Essentially the scene during all of the car reparations
Other than that whole car escapade, we've been working. Tamarah nabbed herself a job as a waitress at Cronie's Bar and Grill right in downtown Hilo. Both Rachel and I are still unemployed, so we spent our days largely working in the garden. The garden consists of 8 beds, all of which (except for the second) were entirely in need of some new vegetable and flower life. Under Sanji's supervision we've planted flats of lil baby veggies to go into the garden, as well as planting some seeds straight into our freshly weeded beds. We're planting a lot of things, but I'll list the things I remember right now: daikon radish, spinach, broccoli, cabbage, chives, parsley, cucumbers, marigolds, sunflowers, and some strange Japanese green none of us had ever seen before or can ever remember the name of. Erica helped us out on the garden a lot when she was here, which was very kind of her.
Rachel working in the garden
One of the many fine chickens puttering about

We also enjoy scavenging around the farm and eating fresh fruit that we find (it's literally everywhere.) I think I'll do a more comprehensive post later about all of the fruit and other edibles growing on the farm, but here's a little sampler list: avocados, bananas, passion fruit, tangerines, guava, basil, ginger, figs, and lemons.
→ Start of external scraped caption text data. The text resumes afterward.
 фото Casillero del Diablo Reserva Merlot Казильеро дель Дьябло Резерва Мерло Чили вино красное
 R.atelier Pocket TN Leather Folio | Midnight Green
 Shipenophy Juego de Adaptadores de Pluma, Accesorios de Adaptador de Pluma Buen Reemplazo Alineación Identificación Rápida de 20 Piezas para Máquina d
There are also semi-feral chickens who definitely lay their eggs somewhere...we just don't know where. We've found their cache only twice. We've been trying to get them into this existing chicken coop to lay, but have thus far been unsuccessful.

We really are lucky. I'd say blessed, if I believed in God, but essentially that is what we are.
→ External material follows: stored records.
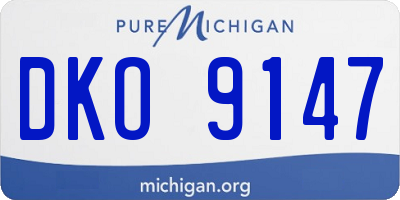 MI license plate DKO9147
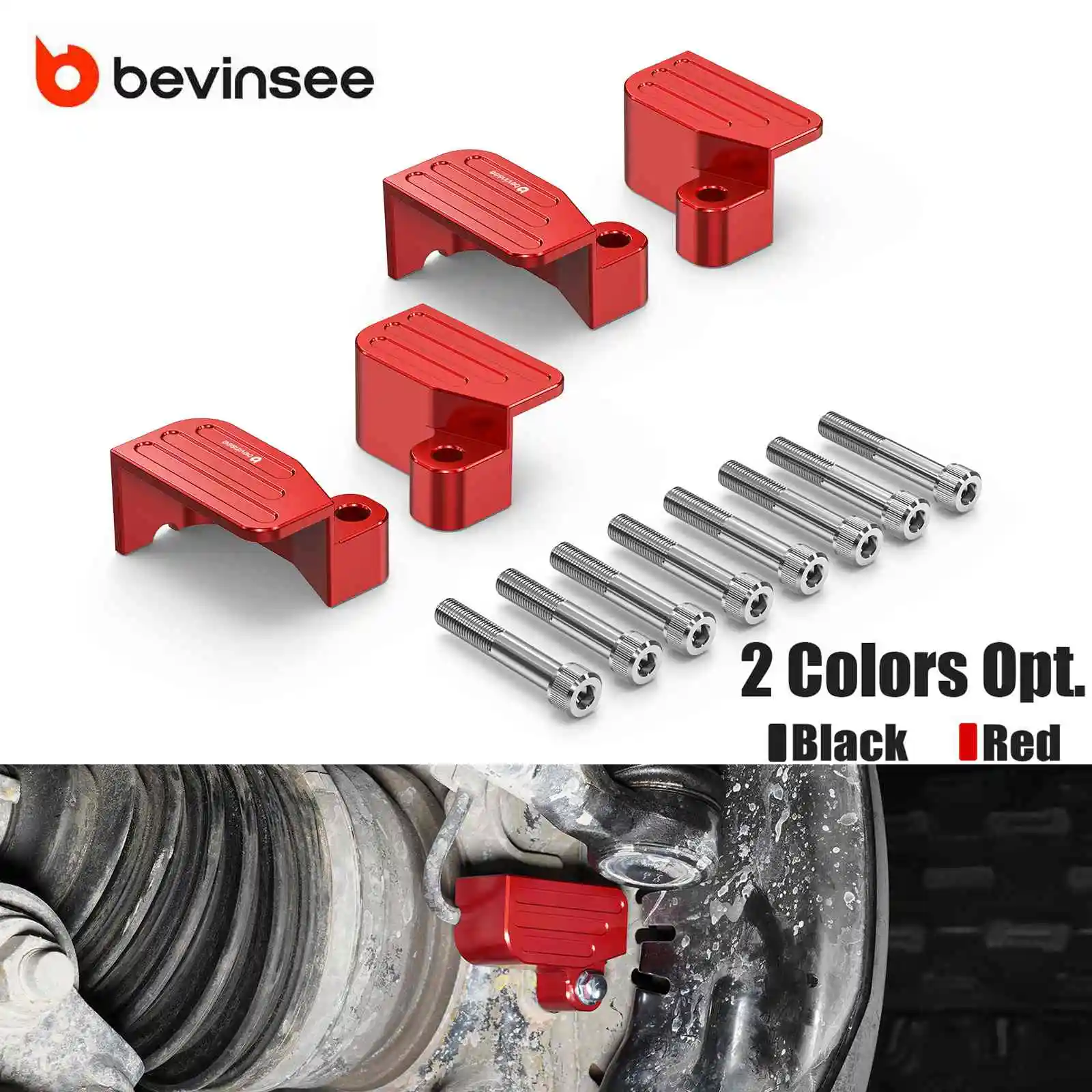 

Комплект защиты ABS BEVINSEE внутри колеса для Toyota 4Runner 2015-2024, замена 89413-0C011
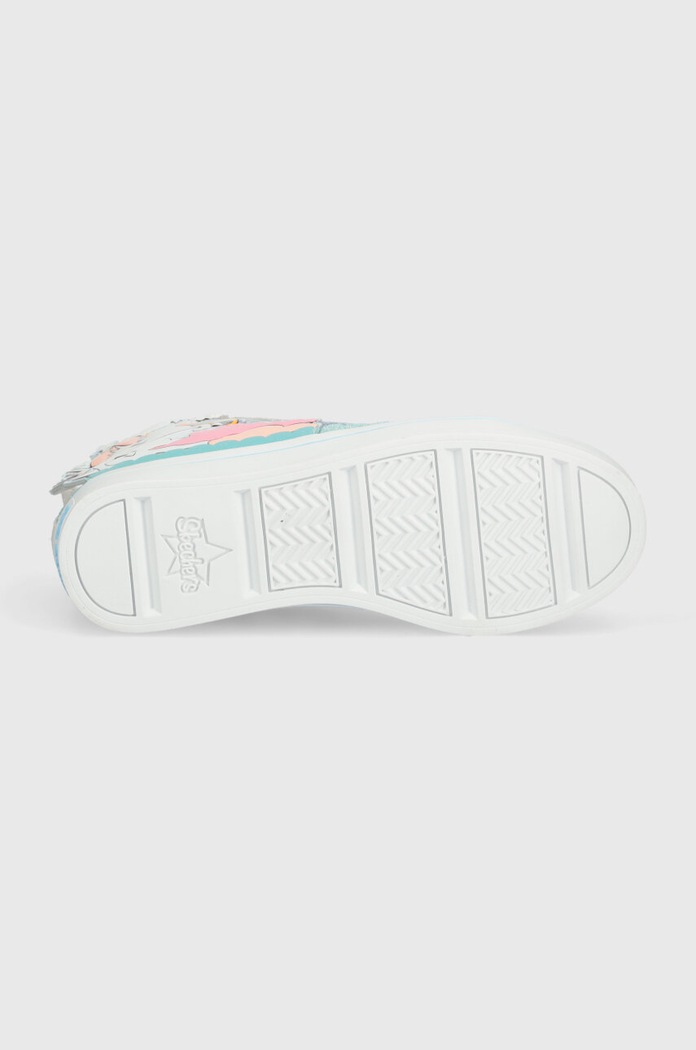Detské tenisky Skechers TWI-LITES 2.0 ENCHANTED UNICORN 314399L tyrkysová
These are red ant bites, on me flesh. Gnar.
That is not to say that there aren't downsides to living on the island. It's not always paradise; it'd be boring if it was (who wants perfection, really?) Things are damp here. Really damp. All the time. Nothing dries. We realized we definitely need to use a laundromat to do our clothes, but the laundromat has a mega sketchy feel that I'm not always vibing (but they have driers, so I boldly press on.) People actually steal things here all the time. It's an actual problem (especially in regards to cars.) As a wee sheltered lass who's lived in the Roaring Fork Valley and then Boulder, and that's it, I'm unused to actually having to keep an eye on my belongings in a serious and focused way. Finally, there are SO MANY BUGS (but thank goodness no snakes.) We have a little treat hopefully planned for a later post to go into more detail on the creepy crawlies we're subjected to all the time, but let's just say that we've become very well acquainted with the likes of cockroaches, slugs, ants, and giant spiders.
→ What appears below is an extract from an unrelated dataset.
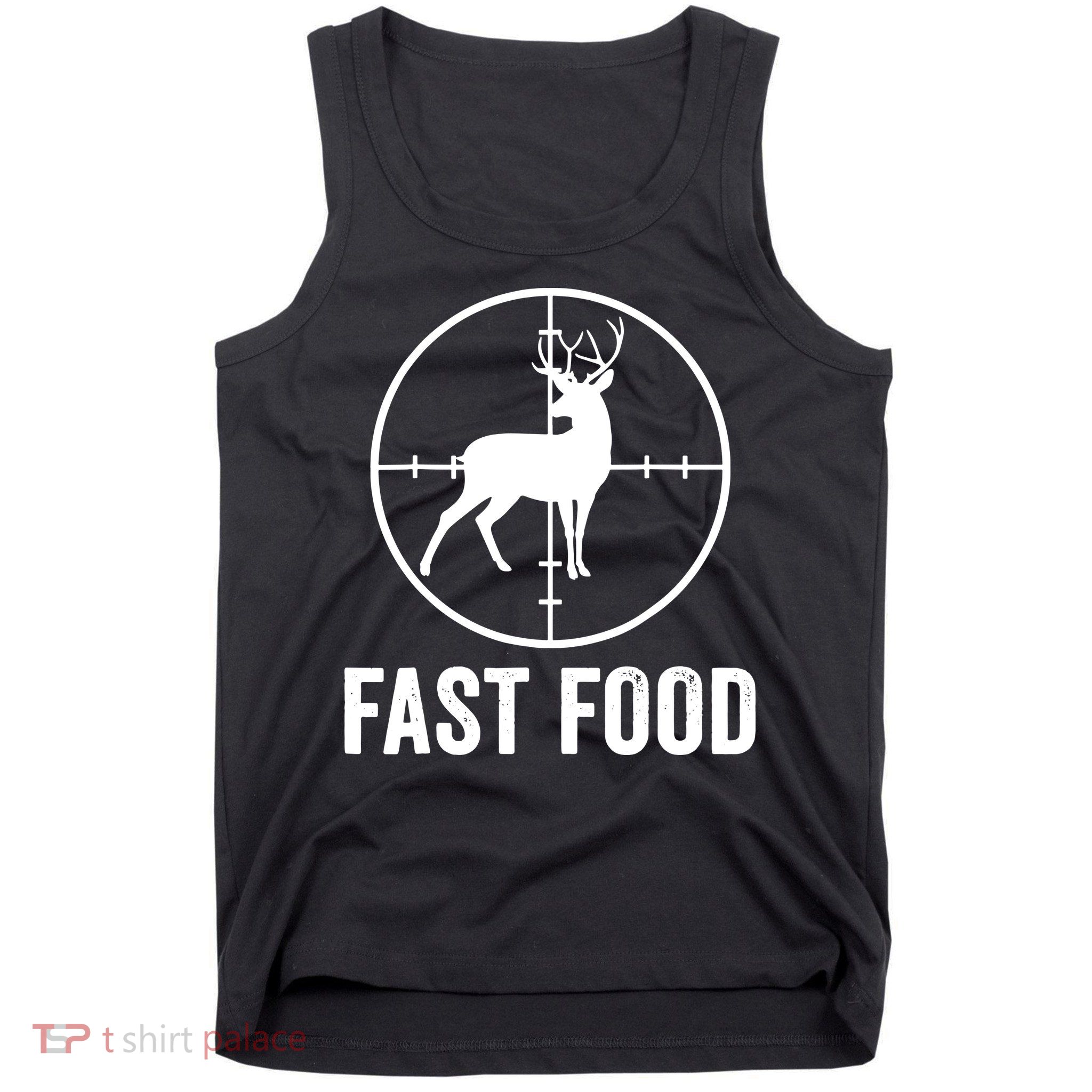 Hunting Deer Fast Food Tank Top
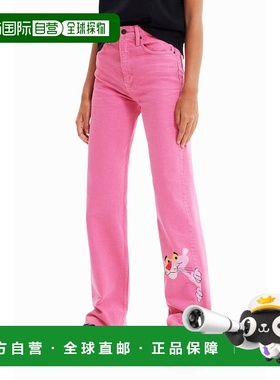 日本直邮Desigual 粉红豹阔腿牛仔裤 [DE819EW20442] 粉色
On Erica's last day in Hilo we went downtown. Tamarah was at work, so Rachel, Erica, and I explored a few of the buildings, namely the Mokupapapa Discovery Center, which was really neat. We learned all about the oceans around the islands and sat down to watch Disney Nature's Oceans, which was very interesting. We also discovered Locavore, a store that only sells local produce and products, which was likewise super neat. We also went to Hilo Public Library, which is a place where we spend A LOT of our time. It has the best free internet. It is, we all agree, the busiest library that we've ever seen. The parking lot is always full. It's always a struggle to find a table. It's where I am currently writing this post. Maybe it's something about living in a sleepy rainy town, but people are definitely drawn to this place. When Tamarah got off work we decided to check out Two Ladies Kitchen, where we bought DOPE mochi. So so so good. We ate way too much of it.
Courtyard in the middle of Hilo's Public Library

As a testament to the kindness of the people here, Erica found a ride to the airport when a random kind stranger saw us walking in hardcore rain after leaving Two Ladies, and asked if we needed a ride somewhere. Right after that serendipitous occurrence, the three of us decided to counteract the excess of sugar slopping around in our stomachs from our mochi over-indulgence with some Middle Eastern food. We stopped into The Oasis Cafe, right down the street from Two Ladies, and met another very kind person, Ilana, the owner of the establishment. She made us some yummy food, and asked for our story. She offered Tamarah a little side job, which she promptly took, and offered all of us a trade of working in her garden in exchange for lunch, whenever we're in Hilo. Something that Ilana said that stuck out to me is that Pele (the Hawaiian goddess of volcanos and fire, who is very important on the Big Island with all of its still-active volcanos) either accepts you or spits you out. I *tentatively* think that she accepted the three of us. She brought us to Sanji and all of the other kind people we've met. It's kind of her to not spit out us three naive haole.
Pagoda bridge in the park next to Coconut Island, on top of destroyed Waiakea

Tree marking past sea levels during tsunamis
Rachel and I have also visited this cool place called Coconut Island (when Tam was at work.) It's out in the bay in front of Hilo. There's this large park right next to it, which we learned was once a town called Waiakea that was destroyed by tsunamis. There's a perfect view of downtown and Mauna Kea from Coconut Island. There are also trees that mark the water levels during each of the main tsunamis that have impacted Hilo. It was as educational as it was beautiful.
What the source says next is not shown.